Researcher Stories

Learning through observation: a research career journey

Respondent is proud to showcase our interviews with leading researchers across different industries. In this post, we speak to Will Leidheiser.


 

One could say that Will Leidheiser has relied on research to get him where he is in his research career. From his undergraduate days working in Human Factors Psychology labs at North Carolina State University, to observing and learning from his colleagues at his first full-time research job, Will has collected insights along the way that have all added up to the researcher he is today.

And as a result, Will came to GitLab with varied experience in the user research field. After graduate school, he landed an internship at Coca-Cola, where he interviewed employees during internal research aimed at improving the employee experience.

His first full-time job was with State Farm, where he was part of a team that was enormous by typical user experience research standards: more than 20. Most companies that employ user researchers still have very small teams. Will’s team at State Farm had decades of collective experience, which he used to his advantage by learning tricks and tips from his colleagues .

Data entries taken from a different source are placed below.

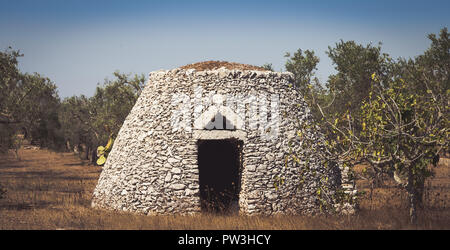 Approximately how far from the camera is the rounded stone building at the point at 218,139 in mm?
11938

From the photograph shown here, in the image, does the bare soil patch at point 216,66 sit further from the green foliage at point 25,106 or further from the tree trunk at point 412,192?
the green foliage at point 25,106

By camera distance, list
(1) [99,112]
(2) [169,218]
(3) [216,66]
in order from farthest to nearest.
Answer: (1) [99,112], (3) [216,66], (2) [169,218]

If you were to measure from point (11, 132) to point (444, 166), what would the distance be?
30392 millimetres

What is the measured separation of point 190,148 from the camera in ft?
40.1

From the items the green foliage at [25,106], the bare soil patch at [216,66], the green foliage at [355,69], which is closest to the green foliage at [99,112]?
the green foliage at [25,106]

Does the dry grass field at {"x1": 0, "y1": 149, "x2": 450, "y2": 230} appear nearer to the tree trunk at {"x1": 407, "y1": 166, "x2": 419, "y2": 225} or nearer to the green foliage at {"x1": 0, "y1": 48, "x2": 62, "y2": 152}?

“I could go under other people’s wings and see how they go about doing user research, their methodologies, the things that work, the things that don’t work,” he said. “[I was able to] take them and modify them for my needs.”

Putting his experience to work 

Now as a Senior User Researcher at GitLab, Will draws on the different methods he has learned so far in his career. He is fortunate to work with a great deal of flexibility, including a lot of leeway to conduct research the way he sees fit to achieve a particular goal. He might use surveys, interviews, and contextual inquiries to get questions answered.

GitLab’s research team does a lot of research focused on software developers of many types. 

“It may be that we’re trying to get users that have used certain features and functionality baked into the GitLab product,” Leidheiser said. “Or we’re trying to learn from people that have used other similar types of tools and competitor products. [We’re trying to] figure out what these other tools are doing better.”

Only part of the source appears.